Unfortunately, a mixture of personality and circumstance has found his dream of
travelling the world and having experiences beyond the cubicle long forgotten.
He’s like George Bailey without all those wonderful life moments an angel could
show him. Walter Mitty wants more, retreating into his mind for daydreams of
grandeur, of saying the right thing or saving the day. Alas, they aren’t to be.
Yet.
For the swooping sentimental arc of Conrad’s screenplay to
fully take off, events conspire to push Walter out of his comfort zone. The
magazine is in the process of shutting down, led by a jerk manager (Adam Scott)
who sneers at the employees with contempt as he pushes them out the door,
managing their livelihood’s transition to a web-only all-digital format that
needs only a skeleton crew to manage. Their best field photographer (Sean Penn)

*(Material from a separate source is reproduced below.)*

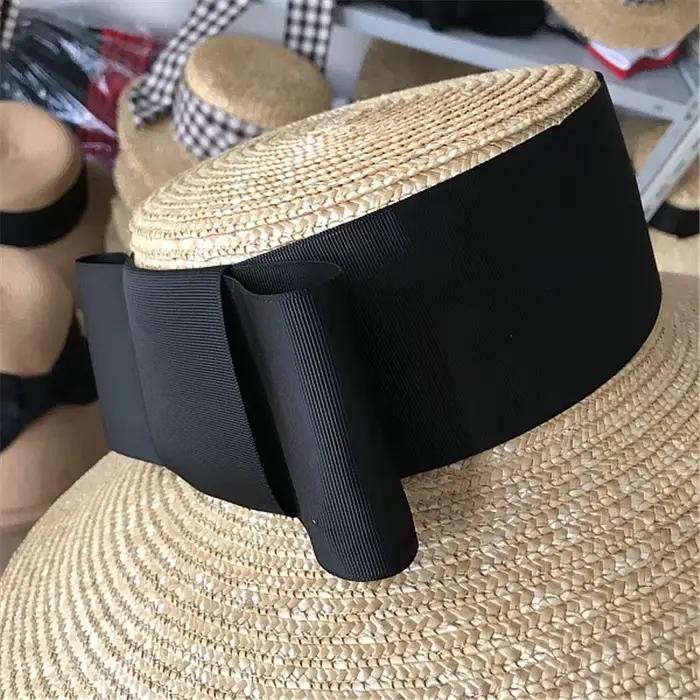 202606-nu Nouveauté chapeau de soleil d'été chic en paille tressée à large bord avec grand nœud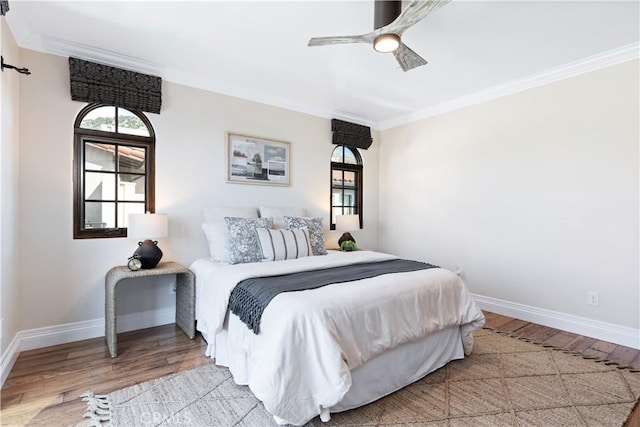 bedroom featuring baseboards, light wood-type flooring, and crown molding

sends a roll of film, designating a particular shot as the perfect one to grace
the final print cover. When Walter looks through the photos, the one he needs
is missing. Getting up the courage to ask the co-worker he has a crush on
(Kristen Wiig) to help him track down the photographer's next dangerous photo shoot, Walter decides to throw
himself into solving this particular mystery of the missing cover photo. Why? He just does. It’s a prefab
situation ripe with symbolic import that pushes him out the door, following
clues to their globetrotting destinations.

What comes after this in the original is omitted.